Violin Sonata No.3 op.128, Aus der Schweitz op.57, Sonatillen op.99 Nos.4-7 & Duo
op.63 no.1 on motifs from Wagner's Der Fleigende Holländer
Ingolf Turban,violin & Jascha Nemtsov, piano
cpo 999 769 2004 DDD 61:45
We have had to wait over a year for cpo to release this third volume in their complete survey of Raff's music for violin and piano. As before, the centrepiece of the disk is a Violin Sonata - in this case No.3, dating from 1865. The works which fill out this issue are no mere trifles, either. Aus der Schweitz is a 14 minute lyrical fantasy and, like the shorter Duo on Flying Dutchman motifs, is an important work in Raff's development. All three pieces are recording premiere's, but Paetsch Neftel and Le Van have pipped Turban and Nemtsov to the post with their recent Sonatilles set for Tudor.
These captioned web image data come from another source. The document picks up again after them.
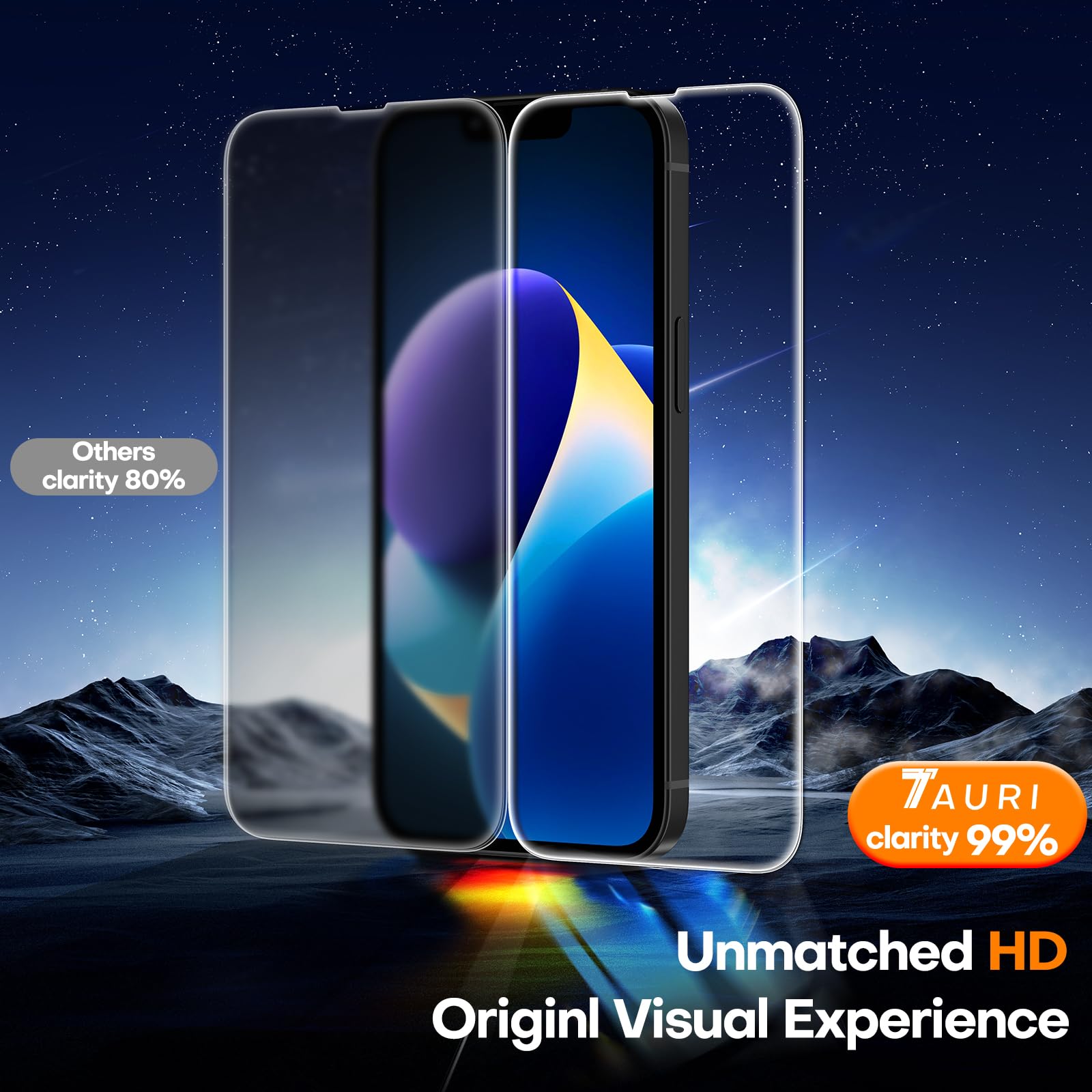 TAURI 3 Pezzi Pellicola Vetro Temperato per iPhone 14 6,1 Pollici, Rimozione Automatica Della Polvere, Durezza 9H Protettiva, Senza Bolle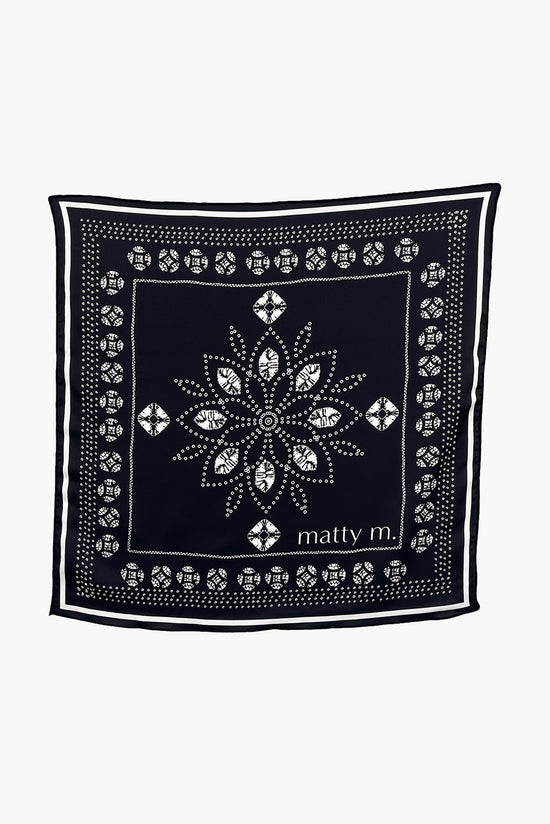 FLOWER PRINTED SCARF - BLACK/VELLUM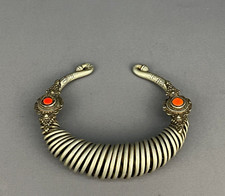 Antique Silver Spiral Tribal Torque Choker Nuristan Afghanistan (J)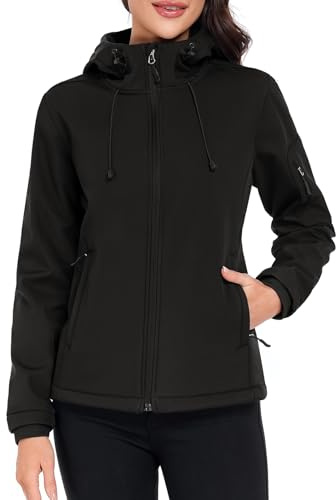 CMTOP Chaqueta Softshell Mujer Corta Forro Polar Cálida Abrigo Repelente al Agua Cortavientos Outdoor Chaqueta, Chubasquero con Capucha para Correr, Senderismo, Deportes(Negro,XL)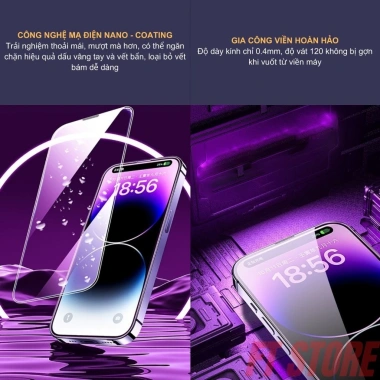 Kính cường lực iPhone 14‑17 Pro 9D Tím Corning siêu chịu lực, chống vân tay 3astore 5 Kính cường lực iPhone 14‑17 Pro 9D Tím Corning siêu chịu lực, chống vân tay 3astore 5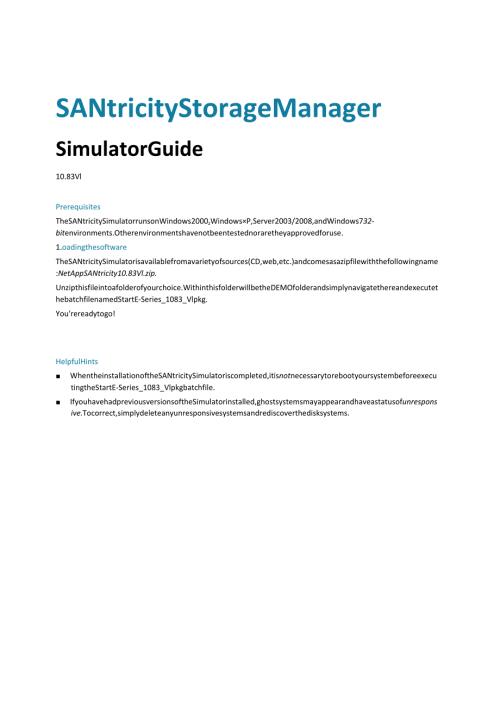 SANtricity Storage Manager E系列模拟器使用手册.docx
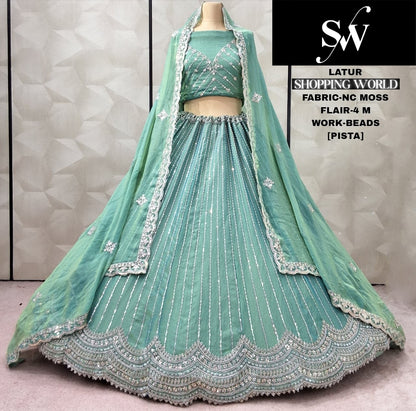 Attractive pista green Nc moss Lehenga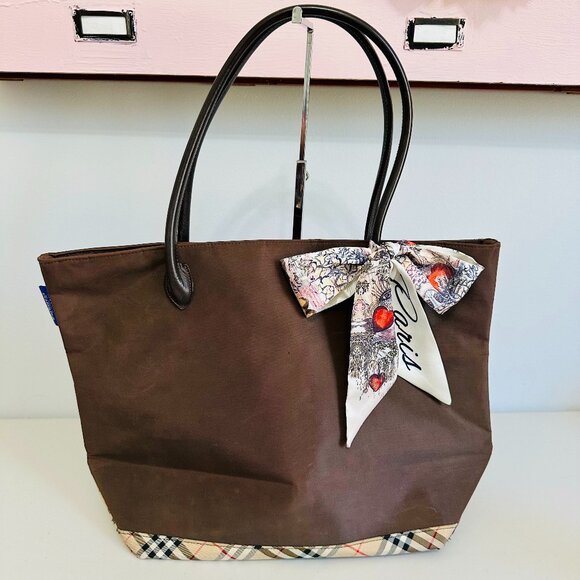 EUC BURBERRYS BURBERRY OF LONDON  BLUE LABEL NOVA CHECK NYLON LARGE TOTE VINTAGE - Picture 1 of 16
Raff called his Aus der Schweitz (From Switzerland) a Fantastic Eclogue, a sort of pastoral idyll recalling his Swiss homeland, written whilst he was enduring a generally miserable time in Stuttgart. Bearing in mind that he had previously composed only for the piano or the voice, it is an astonishingly assured work. The Swiss echoes abound: horn calls across an alpine valley, folk dances and cascading waterfalls are all ingratiatingly woven into the fabric of this impressive work. Although Turban's contribution is as fine as we have come to expect from him and he hardly takes a back seat, it is Nemtsov who really shines in this piece. Raff's writing, perhaps understandably in his first work for violin, rather favours the piano and Nemtsov's wide expressive range is amply demonstrated here.
During a recital which took place around the time of these recordings, Turban explained to the audience that he was substituting some other works for the promised Violin Sonata No.3 because it was "a rather pompous work". A surprise, as no pomposity was evident when he had played it a few month's earlier in Stuttgart. Perhaps the current recording might clarify this odd remark...
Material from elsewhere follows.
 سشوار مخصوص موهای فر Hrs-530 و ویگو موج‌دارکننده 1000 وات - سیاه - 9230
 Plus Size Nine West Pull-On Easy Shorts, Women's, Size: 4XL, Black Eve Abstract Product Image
The Sonata begins sunnily, the Allegro finding Raff in a carefree and genial mood. The writing is brilliant, the melodies are memorable, the textures constantly vary and it lasts just about long enough - a fine start. The Allegro assai which follows maintains the good impression. The pair dash headlong through the forest of notes before a sudden stop introduces a sweet but brief trio, which soon speeds up into a reprise of the opening material.
The third movement is an Andante quasi Larghetto, and is much deeper in feeling than the first two. It has an imploring tone - well captured in the interplay between the players. Not as strong melodically as many of Raff's slow movements, it nonetheless comes across more powerfully here than it did in the Stuttgart recital because it is taken more slowly. The concluding Allegro vivace is a joyful (if a mite repetitious) piece which rounds the work off nicely. Turban's remark must remain an enigma - no trace of pomposity here.
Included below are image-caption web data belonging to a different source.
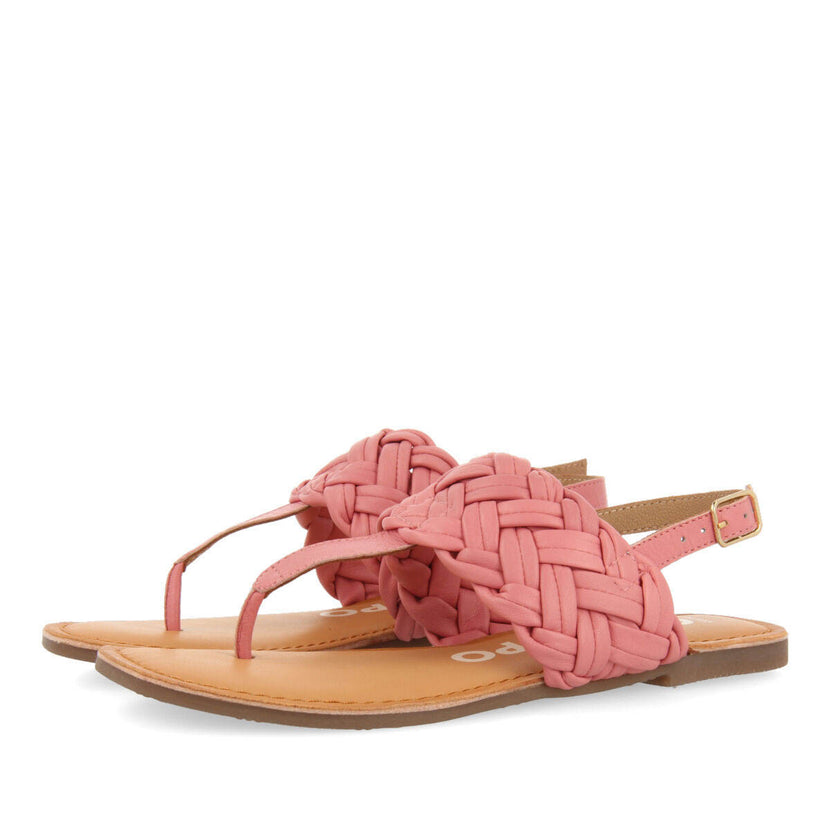 Sandali bassi rosa in pelle intrecciata per donna sergines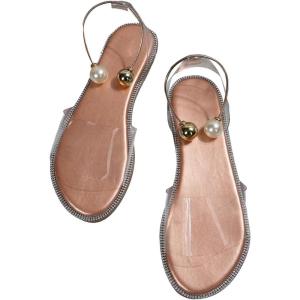 imageOYOANGLE Womens Pearl Decor Clear Straps Open Toe Flat Sandals Leather Outdoor Beach SandalsChampagne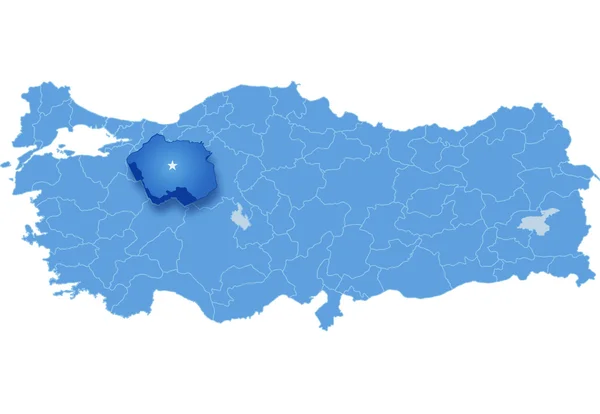 Mapa da Turquia, Eskisehir — Vetor de Stock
The Ten Sonatilles are Raff's 1880 arrangement of a set of three mini Piano Sonatas (Sonatilles) which he had written in 1861. The central quartet of them (Nos.4-7) equate to Sonatille No.2 in the piano original. Michaela Paetsch Neftel and Eric Le Van have already treated us to scintillating performances of these delightful miniatures in their pioneering Tudor issue [review]. There is little to choose between the two performances, although the Tudor duo do seem more relaxed and better convey the works' charm, perhaps because Turban has a rather cooler tone than Neftel. There is some uncalled for earnestness in the opening Allegro here, and less humour in the following Scherzo, for example. The Larghetto quasi Andante, though, is a mellifluous treasure.
Raff's three Duos op.63 are a sort of complement to his pamphlet Die Wagnerfrage. They take themes from the operas and rework them along classical lines. The other two in the set have already been aired in the previous volumes of this series. Like them, the Flying Dutchman duo is no pot pourri but a serious minded work, which comes across as a surprisingly independent creation in this sensitive and persuasive performance. The violin, by turns lyrical and assertive, is well partnered by Nemtsov's subtle accompaniment. He has a fine ear for Raff's poetic writing for the piano.
The Stuttgart duo continue to impress with their technique and intelligent interpretations (minor reservations about the Sonatilles notwithstanding). The recording imparts to Turban's violin a slightly thinner, colder tone than one recalls it having in reality, but this is not generally a problem. It also rather favours the piano. Georg Albrecht Eckle's insert notes are extensive, scholarly and an object lesson in damning with faint praise. That said, once again cpo have produced a fine disk which is an essential buy for any Raff enthusiast.